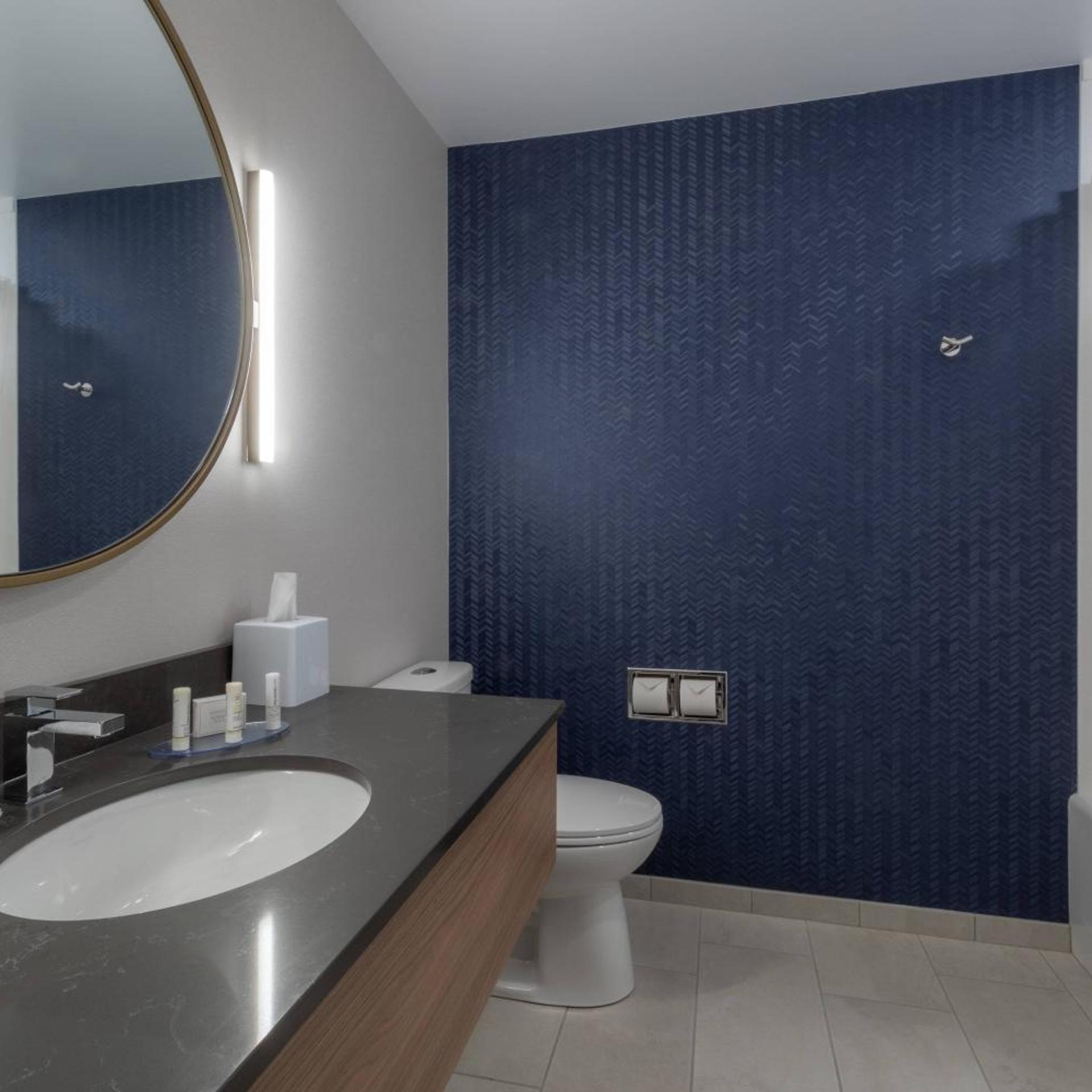 جناح كبير بسريرين كوين، Fairfield Inn & Suites by Marriott Revelstoke 5/7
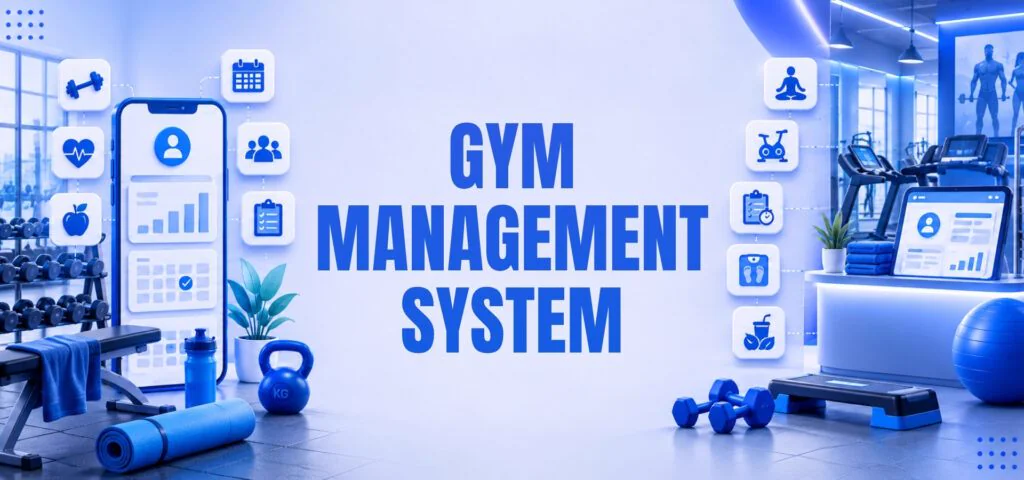 Gym Management System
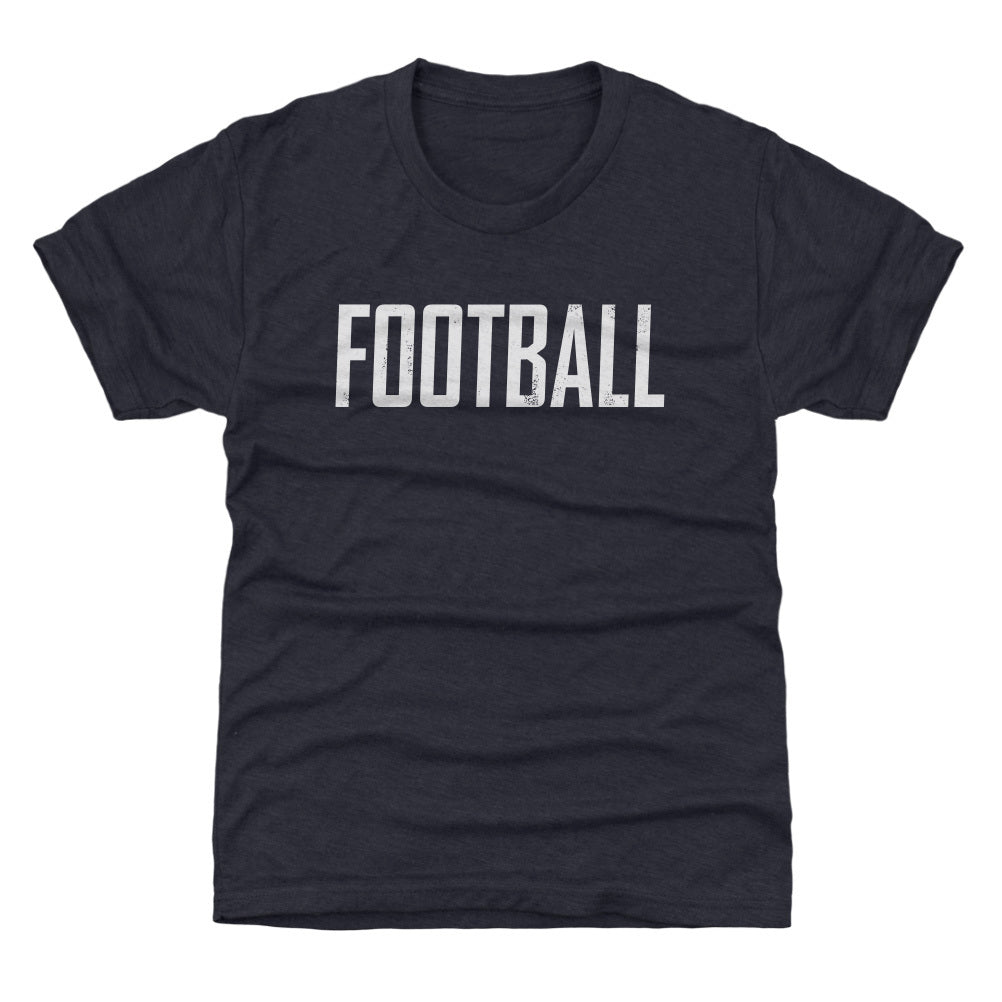 SportsBizCFB Kids T-Shirt | 500 LEVEL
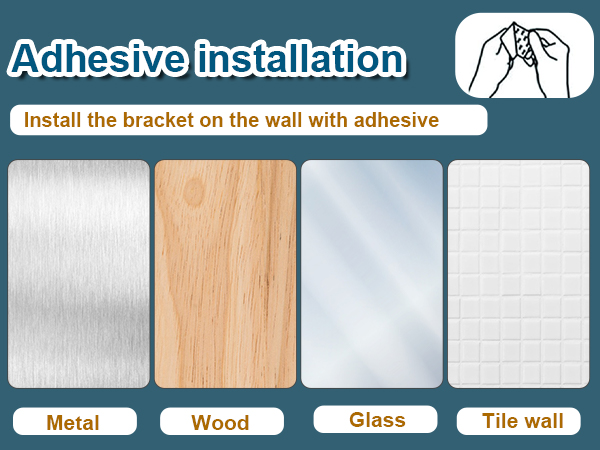 curtain rod brackets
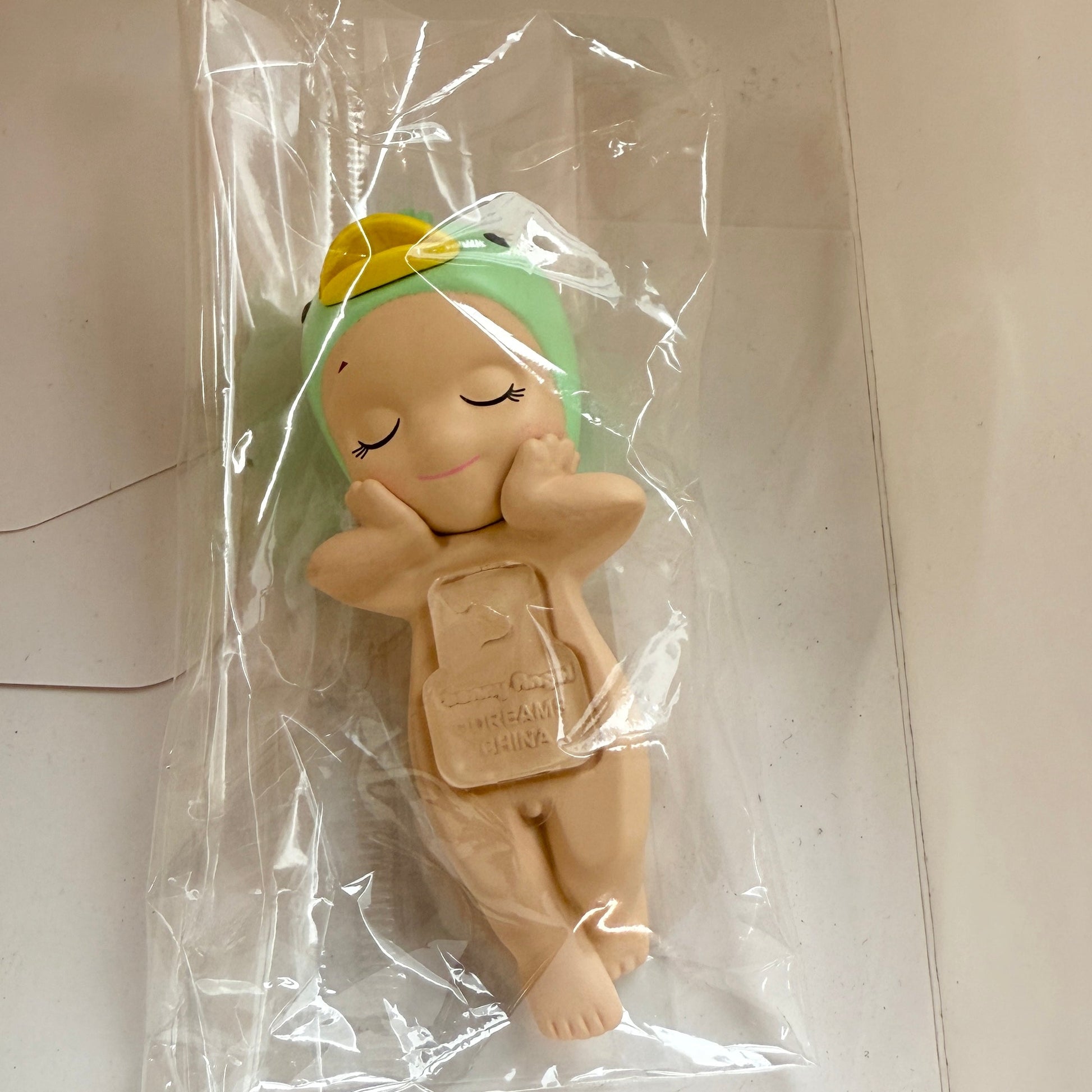 Sonny Angel Hippers Dreaming Series Mini Figure Confirmed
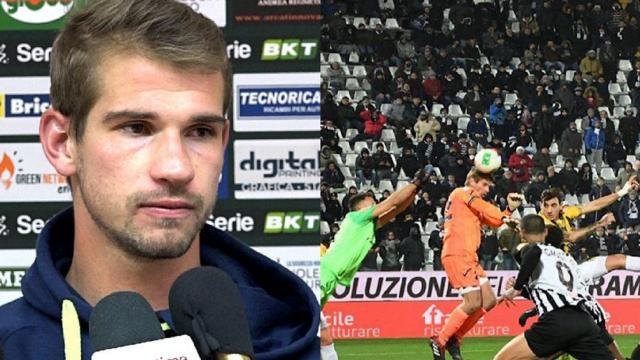 Champions League, gol del portiere Provedel in Lazio-Atletico Madrid come in Ascoli-Juve Stabia del 2020
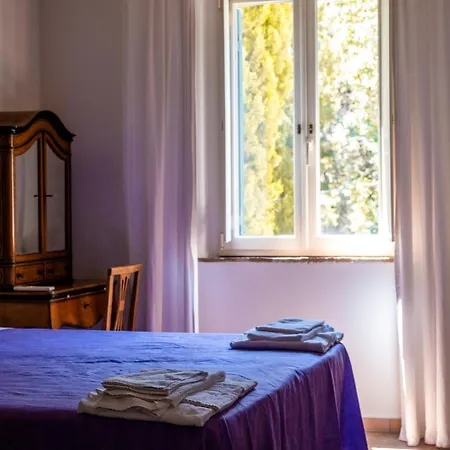 Casenuove Ii - Casale Con Parco E Piscina Holiday home Castiglioncello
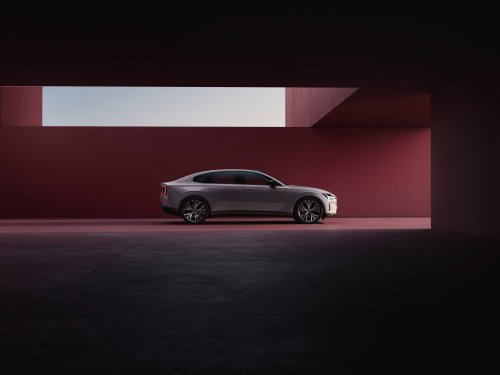 Volvo ES90 launched in Thailand – high-riding electric sedan coming to Malaysia in 2026, CKD in Shah Alam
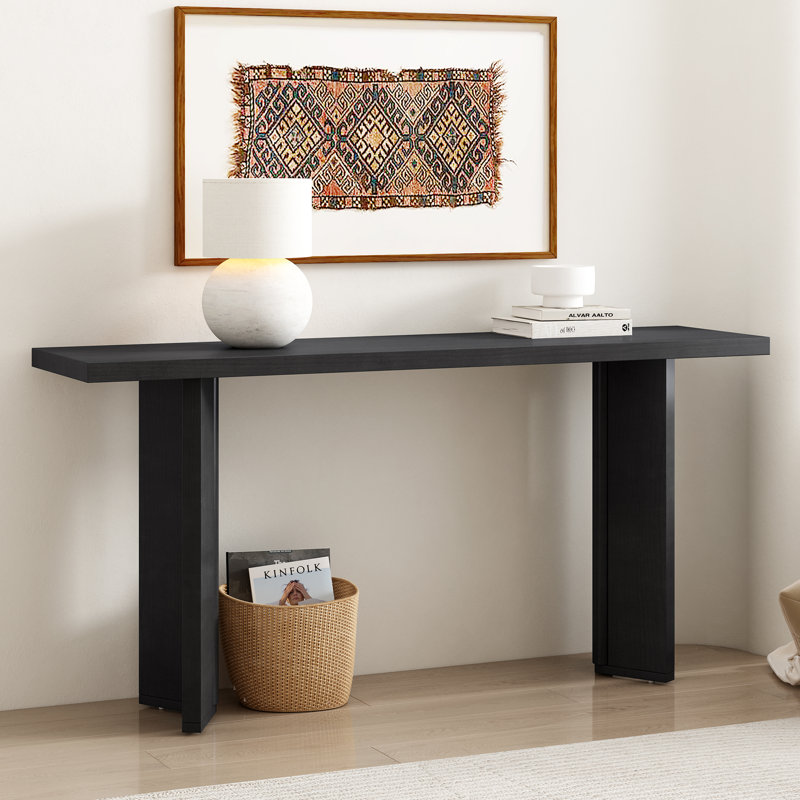 Table basse Modern Modern, Noir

○ ○ ○

Copy the listing verbatim, omitting images.

# Exercise response
 جناح كبير بسريرين كوين، Fairfield Inn & Suites by Marriott Revelstoke 5/7
 Gym Management System
 SportsBizCFB Kids T-Shirt | 500 LEVEL
 curtain rod brackets
 Sonny Angel Hippers Dreaming Series Mini Figure Confirmed
 Champions League, gol del portiere Provedel in Lazio-Atletico Madrid come in Ascoli-Juve Stabia del 2020
 Casenuove Ii - Casale Con Parco E Piscina Holiday home Castiglioncello
 Volvo ES90 launched in Thailand – high-riding electric sedan coming to Malaysia in 2026, CKD in Shah Alam
 Table basse Modern Modern, Noir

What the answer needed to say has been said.